WHAT IS BEING ASKED:
Once you have read the entries below, give them all again without any difference.

STORED DATA:
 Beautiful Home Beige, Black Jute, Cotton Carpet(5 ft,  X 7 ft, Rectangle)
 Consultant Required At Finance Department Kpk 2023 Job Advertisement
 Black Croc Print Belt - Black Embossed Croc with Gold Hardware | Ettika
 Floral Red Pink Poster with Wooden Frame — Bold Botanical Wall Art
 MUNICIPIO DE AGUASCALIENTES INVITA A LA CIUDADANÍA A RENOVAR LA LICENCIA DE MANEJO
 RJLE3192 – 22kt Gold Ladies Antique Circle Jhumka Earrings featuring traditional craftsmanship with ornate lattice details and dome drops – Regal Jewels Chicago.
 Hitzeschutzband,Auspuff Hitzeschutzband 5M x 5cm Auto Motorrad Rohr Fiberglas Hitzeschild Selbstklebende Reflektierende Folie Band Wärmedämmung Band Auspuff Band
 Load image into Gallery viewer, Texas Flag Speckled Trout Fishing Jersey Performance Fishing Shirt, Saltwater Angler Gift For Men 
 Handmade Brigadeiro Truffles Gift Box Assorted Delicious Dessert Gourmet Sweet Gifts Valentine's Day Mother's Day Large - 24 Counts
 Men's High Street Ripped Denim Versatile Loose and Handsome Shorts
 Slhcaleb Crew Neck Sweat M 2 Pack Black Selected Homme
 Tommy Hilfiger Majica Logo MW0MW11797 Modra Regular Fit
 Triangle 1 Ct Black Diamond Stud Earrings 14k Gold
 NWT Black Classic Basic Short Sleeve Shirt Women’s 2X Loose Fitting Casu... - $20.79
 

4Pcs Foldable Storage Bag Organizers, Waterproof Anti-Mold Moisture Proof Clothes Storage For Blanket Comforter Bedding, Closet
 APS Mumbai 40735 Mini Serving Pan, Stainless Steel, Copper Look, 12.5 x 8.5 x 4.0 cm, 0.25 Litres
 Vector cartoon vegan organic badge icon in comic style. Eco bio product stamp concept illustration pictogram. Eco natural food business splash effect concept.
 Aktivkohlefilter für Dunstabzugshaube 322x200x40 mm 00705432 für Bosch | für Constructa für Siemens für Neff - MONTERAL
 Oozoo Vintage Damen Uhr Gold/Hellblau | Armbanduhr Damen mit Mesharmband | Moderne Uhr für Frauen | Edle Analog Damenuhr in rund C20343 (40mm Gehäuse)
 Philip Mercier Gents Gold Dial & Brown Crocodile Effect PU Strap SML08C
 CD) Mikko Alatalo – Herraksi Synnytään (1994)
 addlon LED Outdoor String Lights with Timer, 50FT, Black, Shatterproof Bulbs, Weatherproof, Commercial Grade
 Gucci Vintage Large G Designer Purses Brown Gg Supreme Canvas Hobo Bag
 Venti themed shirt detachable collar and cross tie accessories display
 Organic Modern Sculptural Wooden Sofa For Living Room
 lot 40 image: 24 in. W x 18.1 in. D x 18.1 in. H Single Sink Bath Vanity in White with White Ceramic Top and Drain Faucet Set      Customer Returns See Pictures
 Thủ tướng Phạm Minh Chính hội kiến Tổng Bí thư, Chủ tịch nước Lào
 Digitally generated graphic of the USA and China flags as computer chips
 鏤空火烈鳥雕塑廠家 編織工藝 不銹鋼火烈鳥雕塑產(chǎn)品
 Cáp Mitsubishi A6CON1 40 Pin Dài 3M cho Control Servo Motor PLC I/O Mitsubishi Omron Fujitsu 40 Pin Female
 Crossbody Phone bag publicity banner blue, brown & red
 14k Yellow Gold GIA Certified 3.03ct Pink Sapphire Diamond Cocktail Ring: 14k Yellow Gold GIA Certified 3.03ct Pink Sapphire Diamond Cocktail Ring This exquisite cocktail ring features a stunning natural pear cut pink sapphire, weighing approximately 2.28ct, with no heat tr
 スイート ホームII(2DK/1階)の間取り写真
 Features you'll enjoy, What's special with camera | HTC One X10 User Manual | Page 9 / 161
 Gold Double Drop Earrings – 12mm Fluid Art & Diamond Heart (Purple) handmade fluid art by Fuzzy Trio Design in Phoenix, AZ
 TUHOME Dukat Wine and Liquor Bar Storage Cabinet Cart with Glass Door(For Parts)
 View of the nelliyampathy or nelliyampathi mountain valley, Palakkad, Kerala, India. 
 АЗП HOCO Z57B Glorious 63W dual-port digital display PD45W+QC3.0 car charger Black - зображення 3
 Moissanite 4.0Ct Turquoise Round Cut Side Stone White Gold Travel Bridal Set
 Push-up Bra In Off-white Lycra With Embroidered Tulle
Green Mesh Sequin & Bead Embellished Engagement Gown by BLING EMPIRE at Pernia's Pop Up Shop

YOUR RESPONSE:
 Beautiful Home Beige, Black Jute, Cotton Carpet(5 ft,  X 7 ft, Rectangle)
 Consultant Required At Finance Department Kpk 2023 Job Advertisement
 Black Croc Print Belt - Black Embossed Croc with Gold Hardware | Ettika
 Floral Red Pink Poster with Wooden Frame — Bold Botanical Wall Art
 MUNICIPIO DE AGUASCALIENTES INVITA A LA CIUDADANÍA A RENOVAR LA LICENCIA DE MANEJO
 RJLE3192 – 22kt Gold Ladies Antique Circle Jhumka Earrings featuring traditional craftsmanship with ornate lattice details and dome drops – Regal Jewels Chicago.
 Hitzeschutzband,Auspuff Hitzeschutzband 5M x 5cm Auto Motorrad Rohr Fiberglas Hitzeschild Selbstklebende Reflektierende Folie Band Wärmedämmung Band Auspuff Band
 Load image into Gallery viewer, Texas Flag Speckled Trout Fishing Jersey Performance Fishing Shirt, Saltwater Angler Gift For Men 
 Handmade Brigadeiro Truffles Gift Box Assorted Delicious Dessert Gourmet Sweet Gifts Valentine's Day Mother's Day Large - 24 Counts
 Men's High Street Ripped Denim Versatile Loose and Handsome Shorts
 Slhcaleb Crew Neck Sweat M 2 Pack Black Selected Homme
 Tommy Hilfiger Majica Logo MW0MW11797 Modra Regular Fit
 Triangle 1 Ct Black Diamond Stud Earrings 14k Gold
 NWT Black Classic Basic Short Sleeve Shirt Women’s 2X Loose Fitting Casu... - $20.79
 

4Pcs Foldable Storage Bag Organizers, Waterproof Anti-Mold Moisture Proof Clothes Storage For Blanket Comforter Bedding, Closet
 APS Mumbai 40735 Mini Serving Pan, Stainless Steel, Copper Look, 12.5 x 8.5 x 4.0 cm, 0.25 Litres
 Vector cartoon vegan organic badge icon in comic style. Eco bio product stamp concept illustration pictogram. Eco natural food business splash effect concept.
 Aktivkohlefilter für Dunstabzugshaube 322x200x40 mm 00705432 für Bosch | für Constructa für Siemens für Neff - MONTERAL
 Oozoo Vintage Damen Uhr Gold/Hellblau | Armbanduhr Damen mit Mesharmband | Moderne Uhr für Frauen | Edle Analog Damenuhr in rund C20343 (40mm Gehäuse)
 Philip Mercier Gents Gold Dial & Brown Crocodile Effect PU Strap SML08C
 CD) Mikko Alatalo – Herraksi Synnytään (1994)
 addlon LED Outdoor String Lights with Timer, 50FT, Black, Shatterproof Bulbs, Weatherproof, Commercial Grade
 Gucci Vintage Large G Designer Purses Brown Gg Supreme Canvas Hobo Bag
 Venti themed shirt detachable collar and cross tie accessories display
 Organic Modern Sculptural Wooden Sofa For Living Room
 lot 40 image: 24 in. W x 18.1 in. D x 18.1 in. H Single Sink Bath Vanity in White with White Ceramic Top and Drain Faucet Set      Customer Returns See Pictures
 Thủ tướng Phạm Minh Chính hội kiến Tổng Bí thư, Chủ tịch nước Lào
 Digitally generated graphic of the USA and China flags as computer chips
 鏤空火烈鳥雕塑廠家 編織工藝 不銹鋼火烈鳥雕塑產(chǎn)品
 Cáp Mitsubishi A6CON1 40 Pin Dài 3M cho Control Servo Motor PLC I/O Mitsubishi Omron Fujitsu 40 Pin Female
 Crossbody Phone bag publicity banner blue, brown & red
 14k Yellow Gold GIA Certified 3.03ct Pink Sapphire Diamond Cocktail Ring: 14k Yellow Gold GIA Certified 3.03ct Pink Sapphire Diamond Cocktail Ring This exquisite cocktail ring features a stunning natural pear cut pink sapphire, weighing approximately 2.28ct, with no heat tr
 スイート ホームII(2DK/1階)の間取り写真
 Features you'll enjoy, What's special with camera | HTC One X10 User Manual | Page 9 / 161
 Gold Double Drop Earrings – 12mm Fluid Art & Diamond Heart (Purple) handmade fluid art by Fuzzy Trio Design in Phoenix, AZ
 TUHOME Dukat Wine and Liquor Bar Storage Cabinet Cart with Glass Door(For Parts)
 View of the nelliyampathy or nelliyampathi mountain valley, Palakkad, Kerala, India. 
 АЗП HOCO Z57B Glorious 63W dual-port digital display PD45W+QC3.0 car charger Black - зображення 3
 Moissanite 4.0Ct Turquoise Round Cut Side Stone White Gold Travel Bridal Set
 Push-up Bra In Off-white Lycra With Embroidered Tulle
Green Mesh Sequin & Bead Embellished Engagement Gown by BLING EMPIRE at Pernia's Pop Up Shop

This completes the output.